Unternehmen

Impala will Musikbranche klimafreundlicher machen

Der Impala-Dachverband der europäischen Indies hat ein Nachhaltigkeitsprogramm mit einer Klima-Charta auf den Weg gebracht. Der freiwillige Leitfaden soll dazu dienen, den unabhängigen Musiksektor in Europa nachhaltiger zu gestalten.

08.04.2021 12:56 • von Jonas Kiß
15 Punkte als Leitfaden für eine klimafreundlichere Musikbranche: die Klima-Charta von Impala (Bild: Impala)

Der Impala-Dachverband der europäischen Indies hat ein Nachhaltigkeitsprogramm mit einer Klima-Charta auf den Weg gebracht. Der Leitfaden soll dazu dienen, den unabhängigen Musiksektor in Europa nachhaltiger zu gestalten.

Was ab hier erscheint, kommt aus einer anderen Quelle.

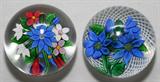 LOT#1184  ST. LOUIS GLASS PAPERWEIGHTS, TWO, DIA 3", Including 1 with blue flowers on a white latticino ground, and 1 with a bouquet of colorful flowers; both are signed and dated 1982 and 1981, respectively.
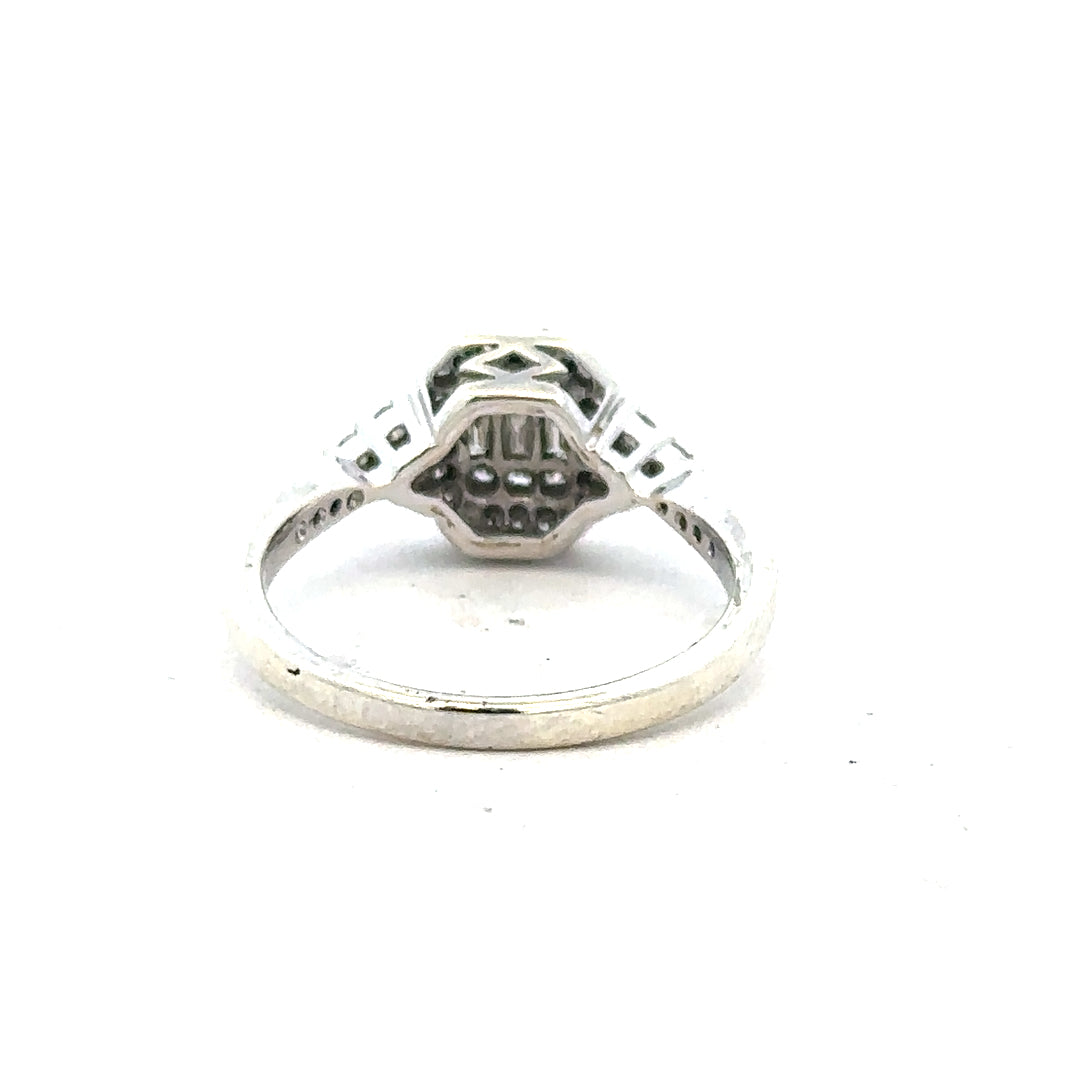 9ct white gold diamond ring with 0.35 carat center stone, size J, showcasing elegant design and sparkling diamonds.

Ziel sei es, auf freiwilliger Basis bis 2030 eine klimapositive Mitgliedschaft anzustreben, mit einem Netto-Null-Zwischenziel für 2026. Die Impala-Mitglieder sollen Zugang zu Anleitungen und Schulungen haben und können die freiwillige Impala-Klimaerklärung und andere Instrumente nutzen.

Die Klima-Charta von Impala enthält 15 Punkte. Dabei geht es unter anderem um die Entwicklung eines Carbon-Reporting-Tools für Mitglieder, Transparentes Monitoring über eigene Klimaauswirkungen, oder den Austausch von Best-Practice-Beispielen in ganz Europa. Außerdem enhtält die Charta Tipps über EU-Fördermittel für Klimaprojekte oder die Aufforderung als Firma zweimal im Jahr eine Schulung zur Klimakompetenz anzubieten.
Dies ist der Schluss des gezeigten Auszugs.